University spokeswoman Dinah Winnick confirmed the expulsions Thursday. The university said two students were expelled for code of conduct violations. Local police, meanwhile, reported they were unable to confirm a crime had been committed.
The investigation was prompted by a complaint from a female student who told authorities she was raped by four male students in a dorm room but that she was so drunk she couldn't remember what happened.
The Associated Press usually does not identify alleged victims of sexual assault.
According to a police report filed in mid-December, the female student told investigators that on the night of her assault she'd gone to a party, gotten drunk and run into four male friends who said they would escort her to her building. The female student told investigators that she woke up in the male students' dorm, with no recollection of what had happened.
Documents show the male students told investigators that they did have sex with the female student, but that it was consensual.
Baltimore County Police Department spokeswoman Elise Armacost said investigators determined that there was not enough evidence to file criminal charges against the accused students.
"Everyone cooperated with us in this case," Armacost said. "We investigated this case. We found that no crime had occurred."
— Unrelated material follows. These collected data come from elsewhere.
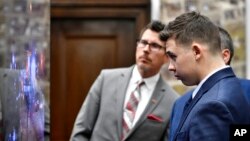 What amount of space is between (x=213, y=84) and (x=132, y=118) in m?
1.07

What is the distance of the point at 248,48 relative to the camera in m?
3.82

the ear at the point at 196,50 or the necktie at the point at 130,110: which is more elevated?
the ear at the point at 196,50

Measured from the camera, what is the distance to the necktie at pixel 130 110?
8.54ft

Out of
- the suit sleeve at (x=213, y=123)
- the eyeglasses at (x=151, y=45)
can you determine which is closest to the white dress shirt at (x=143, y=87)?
the eyeglasses at (x=151, y=45)

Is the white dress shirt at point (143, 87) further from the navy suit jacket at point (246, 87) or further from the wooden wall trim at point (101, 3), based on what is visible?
the wooden wall trim at point (101, 3)

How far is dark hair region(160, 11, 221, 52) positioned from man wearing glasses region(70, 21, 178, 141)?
0.96 m

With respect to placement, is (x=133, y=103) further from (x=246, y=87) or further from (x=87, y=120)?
(x=246, y=87)

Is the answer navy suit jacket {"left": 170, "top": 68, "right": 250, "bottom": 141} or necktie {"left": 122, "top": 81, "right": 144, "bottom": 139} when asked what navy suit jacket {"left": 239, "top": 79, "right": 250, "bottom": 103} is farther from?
necktie {"left": 122, "top": 81, "right": 144, "bottom": 139}

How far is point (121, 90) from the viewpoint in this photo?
8.82ft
Armacost added that the department sent its findings to the Baltimore County State's Attorney's Office, where prosecutors declined to bring charges. State's Attorney Scott Shellenberger said "there was insufficient evidence to proceed with any criminal charges."
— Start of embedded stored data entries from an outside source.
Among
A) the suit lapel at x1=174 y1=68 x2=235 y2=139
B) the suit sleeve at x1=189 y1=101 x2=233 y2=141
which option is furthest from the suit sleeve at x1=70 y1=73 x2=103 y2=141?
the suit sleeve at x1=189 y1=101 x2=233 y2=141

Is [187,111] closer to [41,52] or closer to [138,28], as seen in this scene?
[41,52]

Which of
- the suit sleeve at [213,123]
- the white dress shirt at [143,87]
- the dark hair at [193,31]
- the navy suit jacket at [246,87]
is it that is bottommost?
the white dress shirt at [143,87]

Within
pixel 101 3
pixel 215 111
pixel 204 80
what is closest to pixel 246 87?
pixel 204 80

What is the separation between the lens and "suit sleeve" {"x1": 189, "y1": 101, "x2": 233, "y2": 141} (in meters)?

The university, however, determined after its disciplinary proceedings that two students were in violation of the student code of conduct, and those students were expelled.
In a statement issued Thursday, university officials confirmed the expulsions but declined to provide details on the case, or how exactly the students violated the code of conduct.
"Most often federal privacy law pertaining to student records and our ethic of care for our students' well-being and privacy prohibit us from sharing information about specific cases," the statement read. "However, in this case the law enables us to share that our disciplinary proceedings have resulted in the dismissal of two students."